TASK TO COMPLETE: Restate the listing below word for word, and leave its pictures behind.

GIVEN RECORDS:
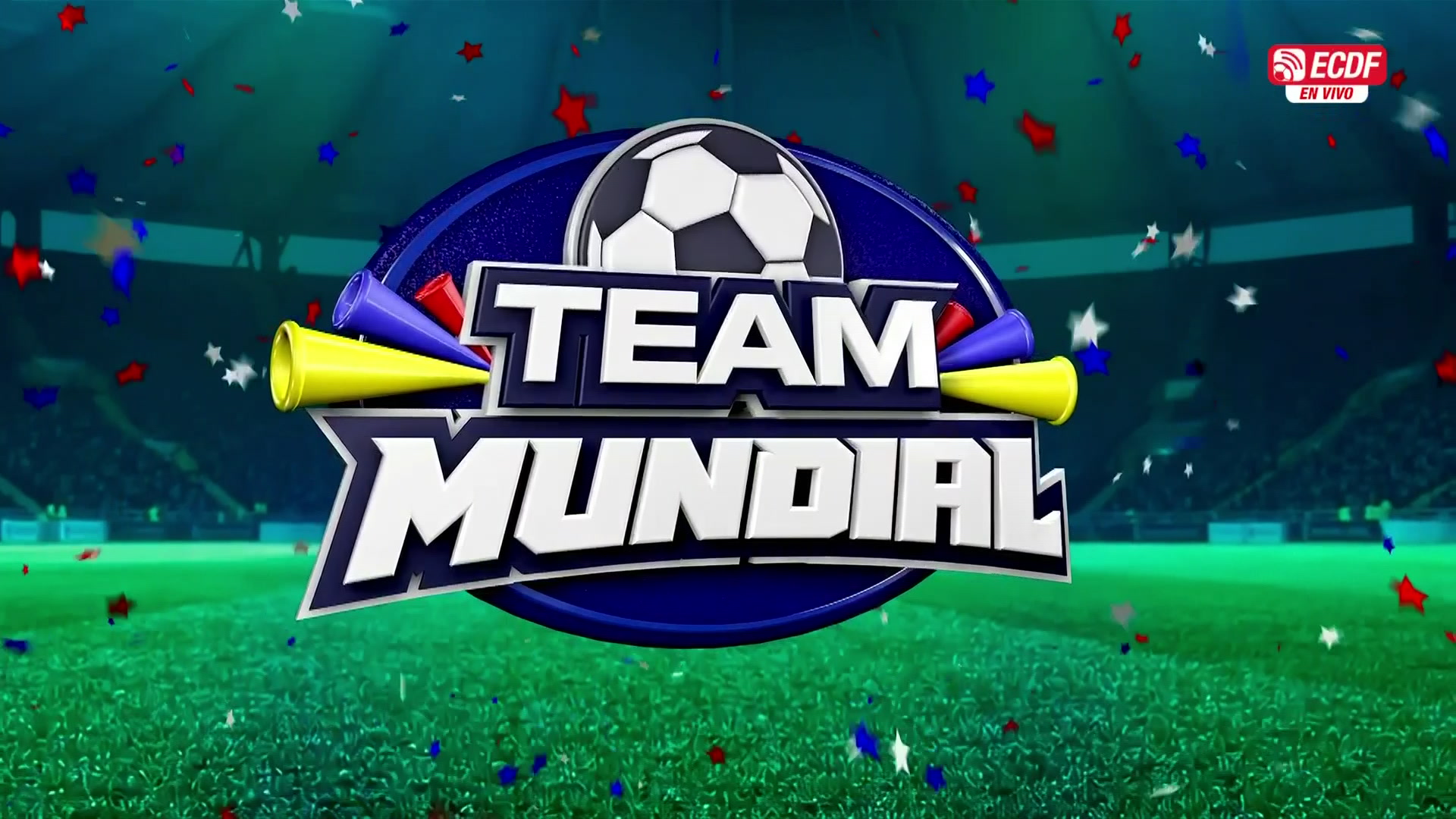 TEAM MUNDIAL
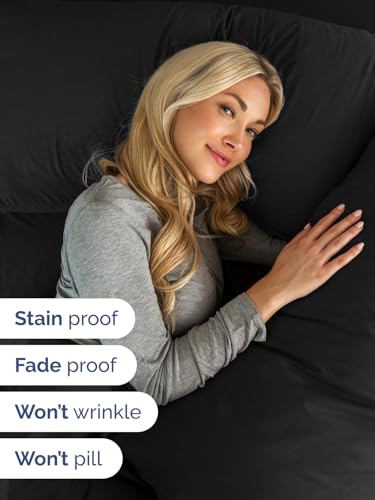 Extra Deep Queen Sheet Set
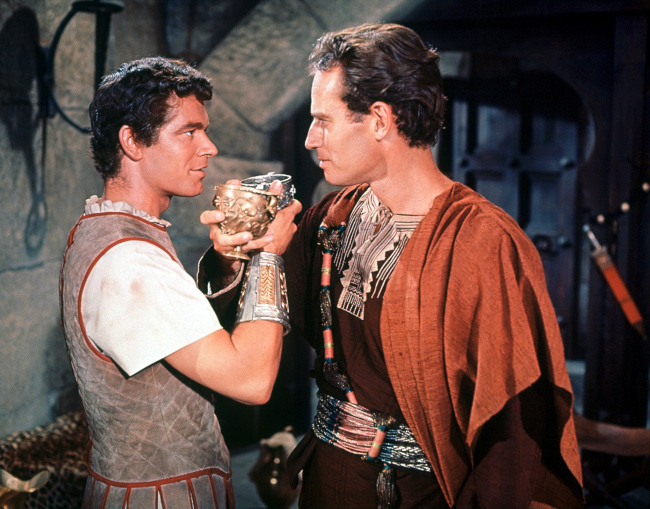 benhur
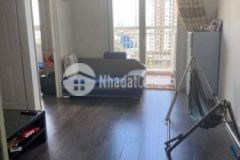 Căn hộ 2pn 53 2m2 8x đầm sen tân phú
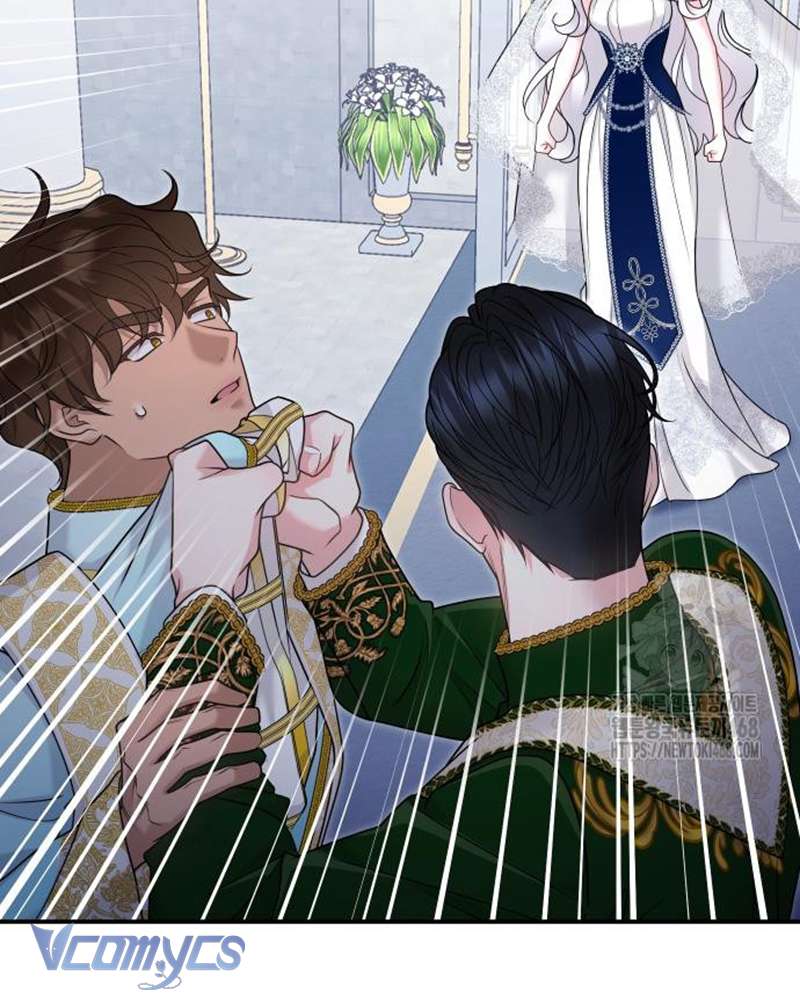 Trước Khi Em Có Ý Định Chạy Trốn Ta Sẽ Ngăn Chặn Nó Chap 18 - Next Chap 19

EXERCISE RESULT:
 TEAM MUNDIAL
 Extra Deep Queen Sheet Set
 benhur
 Căn hộ 2pn 53 2m2 8x đầm sen tân phú
 Trước Khi Em Có Ý Định Chạy Trốn Ta Sẽ Ngăn Chặn Nó Chap 18 - Next Chap 19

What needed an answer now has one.